In State Automobile Ins. Co. v. Youler, 183 W.Va. 556, 396 S.E.2d 737 (1990),
we determined that the Legislative policy underlying the underinsured motorist coverage
provisions of W.Va. Code, 33-6-31(b) contemplates recovery, up to coverage limits, from
one's own insurer, of full compensation for damages not compensated by a negligent
tortfeasor who at the time of the accident was an owner or operator of an . . . underinsured
motor vehicle. Syllabus Point 4, in part. We therefore held, in Syllabus Point 3 of Youler,
that
So-called antistacking language in automobile insurance
policies is void under W.Va.Code, 33-6-31(b), as amended, to
the extent that such language is purportedly applicable to . . .
underinsured motorist coverage, and an insured covered
simultaneously by two or more . . . underinsured motorist policy
endorsements may recover under all of such endorsements up to
the aggregated or stacked limits of the same, or up to the amount
of the judgment obtained against the . . . underinsured motorist,
whichever is less, as a result of one accident and injury.
In Youler, we considered a situation where an insurance company had issued
two separate automobile insurance policies, both of which contained underinsured motorist
coverage, on two vehicles owned by a single insured. We concluded that the anti-stacking
language contained in the policies was contrary to W.Va. Code, 33-6-31(b), and allowed the
insured to recover benefits under both policies.
Two years later, in Russell v. State Automobile Mut. Ins. Co., supra, we
considered anti-stacking language where an insurance company had issued a single insurance
policy that provided underinsured motorist coverage for two separate vehicles owned by a
single insured. We concluded that Youler applied only where the insured was covered by
two or more . . . underinsured motorist policy endorsements, and therefore did not govern
the instant situation where only one policy is involved. 188 W.Va. at 84, 422 S.E.2d at 806.

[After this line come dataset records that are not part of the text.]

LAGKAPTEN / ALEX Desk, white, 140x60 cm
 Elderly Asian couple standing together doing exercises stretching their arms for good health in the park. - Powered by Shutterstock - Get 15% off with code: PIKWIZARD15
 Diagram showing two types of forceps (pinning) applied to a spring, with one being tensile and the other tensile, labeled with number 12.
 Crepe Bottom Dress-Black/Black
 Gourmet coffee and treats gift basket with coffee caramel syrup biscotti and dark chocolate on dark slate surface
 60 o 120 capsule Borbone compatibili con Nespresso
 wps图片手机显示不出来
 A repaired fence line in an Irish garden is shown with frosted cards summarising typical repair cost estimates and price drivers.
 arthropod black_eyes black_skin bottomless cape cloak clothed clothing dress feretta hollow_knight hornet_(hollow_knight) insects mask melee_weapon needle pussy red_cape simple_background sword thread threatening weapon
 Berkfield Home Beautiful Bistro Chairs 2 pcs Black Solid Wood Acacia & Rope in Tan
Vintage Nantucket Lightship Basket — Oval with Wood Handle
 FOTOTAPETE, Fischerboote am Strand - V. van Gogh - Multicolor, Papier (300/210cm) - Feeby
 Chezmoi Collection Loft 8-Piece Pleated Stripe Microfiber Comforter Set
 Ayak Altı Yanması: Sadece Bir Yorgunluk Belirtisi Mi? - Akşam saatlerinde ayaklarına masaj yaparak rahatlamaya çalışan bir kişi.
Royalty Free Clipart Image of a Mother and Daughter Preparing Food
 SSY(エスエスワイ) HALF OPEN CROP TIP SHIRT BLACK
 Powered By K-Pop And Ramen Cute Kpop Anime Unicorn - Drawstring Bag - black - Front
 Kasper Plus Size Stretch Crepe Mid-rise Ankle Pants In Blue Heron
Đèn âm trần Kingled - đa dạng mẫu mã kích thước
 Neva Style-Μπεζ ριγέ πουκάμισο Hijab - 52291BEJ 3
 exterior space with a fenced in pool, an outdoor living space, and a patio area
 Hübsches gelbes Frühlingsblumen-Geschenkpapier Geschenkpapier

We therefore held, at Syllabus Point 5 of Russell, that:
West Virginia Code § 33-6-31 (1992) does not forbid the
inclusion and application of an anti-stacking provision in an
automobile insurance policy where a single insurance policy is
issued by a single insurer and contains an underinsured
endorsement even though the policy covers two or more
vehicles. Under the terms of such a policy, the insured is not
entitled to stack the coverages of the multiple vehicles and may
only recover up to the policy limits set forth in the single policy
endorsement.
Our decision in Russell turned on another fact that was not present in Youler:
the existence of a multi-car discount. We found in Russell that
. . . because of the multi-car discount given, it is obvious that the
insured appellee bargained for only one policy and only one
underinsurance motorist coverage endorsement. This multi-car
discount is of particular import since it signifies that the
respondent was receiving a reduced rate on his automobile
insurance in return for taking out only one policy instead of two.
Meanwhile, the insurer was assuming an increased risk of injury
which could occur while the insured was occupying the second
vehicle as consideration for the second premium. The insured
was therefore receiving the benefit of that which he bargained
for and should not receive more. Had this multi-car discount
not been given by the insurer and had the insured paid a full
premium for both vehicles, a different result may have been
reached by this Court.
188 W.Va. at 85, 422 S.E.2d at 807 (emphasis added).
Insurance carriers interpreted the Court's decision in Russell as permitting the
inclusion of anti-stacking language in insurance policies, so long as the insured has received
a multi-car discount in return. As noted previously, in 1995, the Legislature amended W.Va.
Code, 33-6-31(b) to expand the application of Russell. We concluded in Dairyland v. Fox,
209 W.Va. 598, 550 S.E.2d 388 (2001) (per curiam) that the amendment stretched the
application of Russell from a single insurance company selling a single policy that covers
multiple vehicles, to situations such as the instant case where a single insurance company
sells multiple policies to the same insureds covering different vehicles. The 1995
amendment to W.Va. Code, 33-6-31(b) premises the enforceability of anti-stacking language
on the notion that the insurance company has given the insured a bargained for discount for
multiple motor vehicles[.]
The parties in the instant case dispute the meaning of the phrase bargained for
discount for multiple motor vehicles. The appellees assert _ and the circuit court agreed _
that the word bargain in the statute has the status of a verb, and means to negotiate over
the terms of a purchase, agreement, or contract or to come to terms. The appellees take
the position that a provision in a contract is not bargained for merely because it holds
benefits for both parties to the agreement, if one of the parties had no say in the matter.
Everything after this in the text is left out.